The Call U Conference service has a clever software-based architecture that runs on the Amazon EC2 cloud using CPU cores, memory and storage all provided by Amazon. It also has a distributed state machine that monitors call connections and call state so that if an Amazon location fails, calls are immediately reestablished by dialing out from a redundant software-based media server located in a different Amazon data center.

I challenged the Call U Conferencing executives about how the service could provide QoS in the Amazon cloud given the issues this cloud has had with jitter and latency. The way this is done is that the service monitors jitter on all of its distributed media servers, and should a particular media server show jitter rising beyond a specific threshold, calls are distributed to another media server with lower jitter.

When I joined the founders in a conference call, I received a normal Outlook invitation.

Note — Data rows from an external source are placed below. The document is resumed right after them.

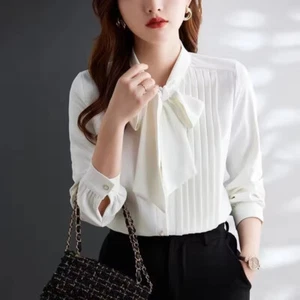 Spring Autumn Women's Elegant Fashion Bow Shirt Temperament Pleated Blouse - Picture 1 of 9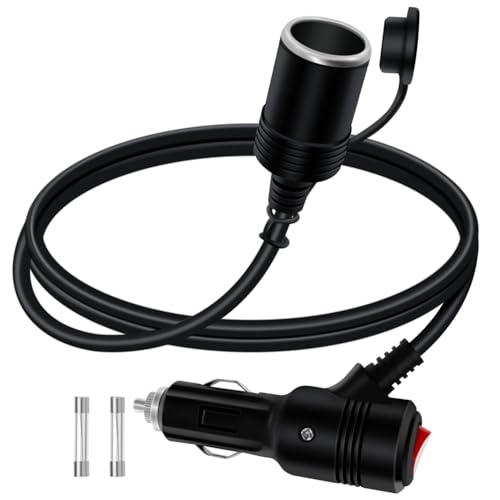 Cigarette Lighter Cable with On Off Switch 12V 24V Cigarette Lighter Extension Heavy Duty 16AWG 15A Fuse with LED Light, Waterproof Cover Suitable for Cars, Motorcycles, Boats (2 m/6.5FT) - size: 2 m/6.5FT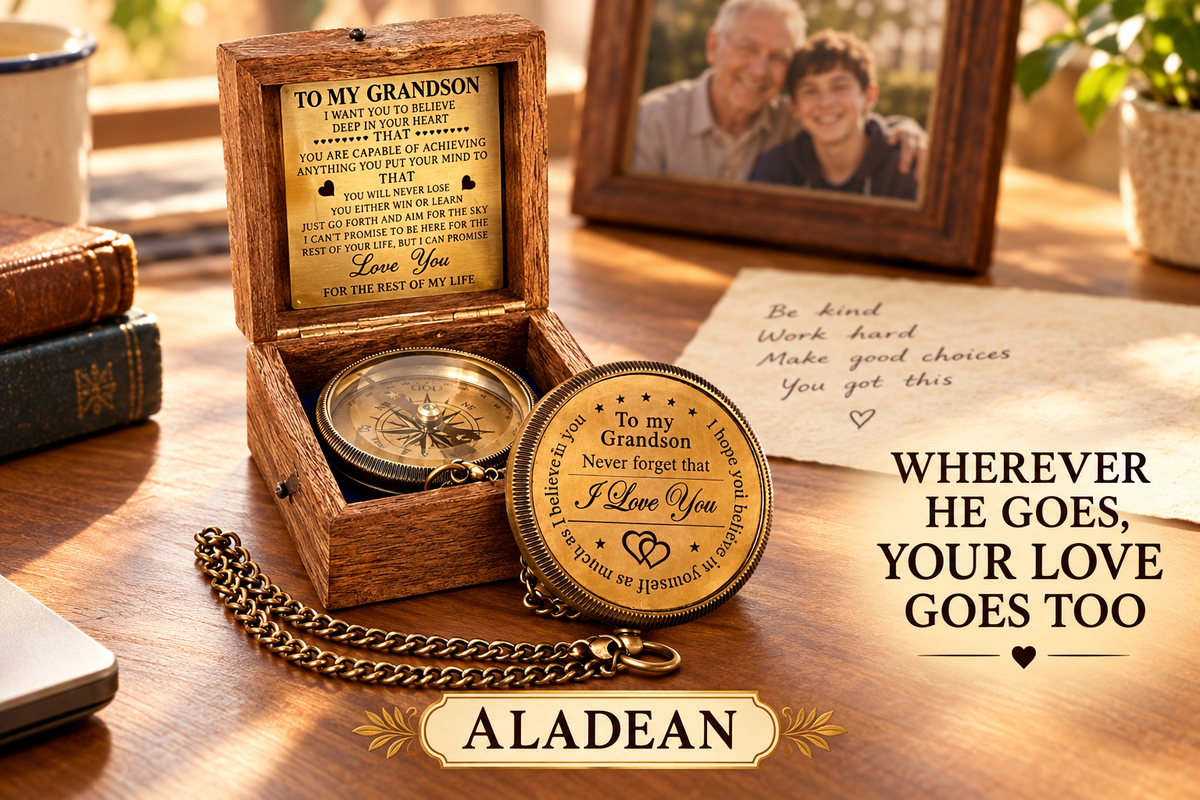 Engraved grandson compass and wooden box displayed beside family memories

I clicked on the link, and registered my email and telephone number, and at the time of the conference, the system simply dialed out to me. The host can set up a customized greeting which is played when the telephone is answered; the greeting invites a participant to the host's conference.

Setting up meetings is also very simple. In Outlook, one simply sets up a meeting as they normally would, inviting participants as usual. The only change is that the Call U Conference service must be invited as well. Once the invitation is sent, the service examines the participant email list, and those that are not already registered receive a second email from the service inviting them to the one-time email/telephone number registration. That's all there is to it.

In the conference call I participated in, the call quality was excellent.

For those desiring more security, the Call U Conference service integrates with an organization's existing Daon IdentityX security engine deployment. Using IdentityX security allows conference hosts to add various levels of security including pass codes, voice recognition, and image recognition.

In addition, if a participant does wish to dial in, that participant can get a dial-in number and a passcode from the web portal or in the mobile device app. However, the passcode is only valid for the duration of that particular conference. Local dial-in numbers are generated based on location information retrieved from the web portal session or through the mobile device’s GPS system. This allows the service to intelligently assign a dial-in number that will have the lowest cost based on the user's physical location.

The service is in beta today with launch in the US very soon, and in other geographies where the Amazon cloud provides capabilities later this summer and fall. A free trial is available for those that want to give it a test drive.

This is one of the easiest services I've ever used. Last year, our organization tried to implement a major conferencing company's audio conferencing service, and it was a disaster. Things just didn't work as advertised. So far, everything I've tested with Call U Conference has worked the way the website says it will work.

I also have Microsoft Lync Online integrated with InterCall's conferencing service. This service, which combines Lync Online with InterCall audio bridges, is also exceedingly easy to use. The concept is identical: conference links are sent out in an email, and if someone has Lync, they simply click on the link to join. Alternatively, along with the link in the email, a dial in number and passcode are included so that participants can manually dial in.

Both Citrix and WebEx use this methodology in their web conferencing products, at least for connecting to the web part of the meeting. WebEx will also dial out to participants once they join the web meeting.

It would be great if this concept of dialing out were extended to group and executive video conferencing generally. In a sense, ease of use for video is enabled when the video unit is connected to the PBX so that dialing and mid-call controls are the same as they would be with a telephone. For ad hoc video calling, however, video can still be a little tricky trying to connect, particularly when dialing is done using a remote control.